Although most water from public-supply wells in Salt Lake Valley contains naturally occurring salt and minerals, substantial increases in concentrations have been documented in some areas of the valley. Dissolved-solids concentrations in water from several wells on the valley’s east side have increased from less than 500 to more than 1,000 mg/L over a 20-year time span and represent a general trend of deteriorating groundwater quality.  Some of the wells in this area wells have already been abandoned due to the increasing concentration of dissolved solids. 

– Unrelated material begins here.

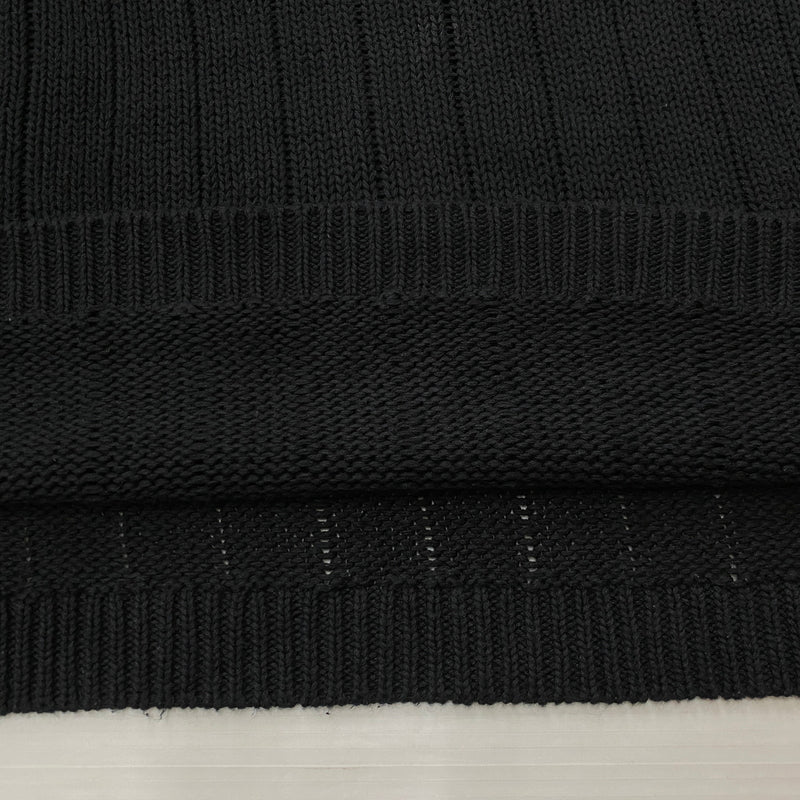 【中古品】【メンズ】 STUSSY ステューシー BUANA LOGO SWEATER 117294 ブアナ ロゴ セーター 長袖 トップス 142-260906-sa-23-teih サイズ：S カラー：ブラック 万代Net店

“During the past 20 years, the area of the aquifer containing dissolved-solids concentrations less than 500 mg/L has gotten smaller,” said USGS scientist Susan Thiros. “This area contains many public-supply wells because of the aquifer’s high yield and its high-quality water, but parts of it are vulnerable to increasing concentrations of dissolved solids." Pumping may have allowed poor-quality shallow groundwater to move downward to the part of the aquifer tapped by the public-supply wells or may have induced water to move laterally from adjacent areas, thus degrading the quality of water in the aquifer. 

The 6-page fact sheet "Decadal-Scale Changes in Dissolved-Solids Concentrations in Groundwater Used for Public Supply, Salt Lake Valley, Utah", published as USGS Fact Sheet 2010-3073, is available online.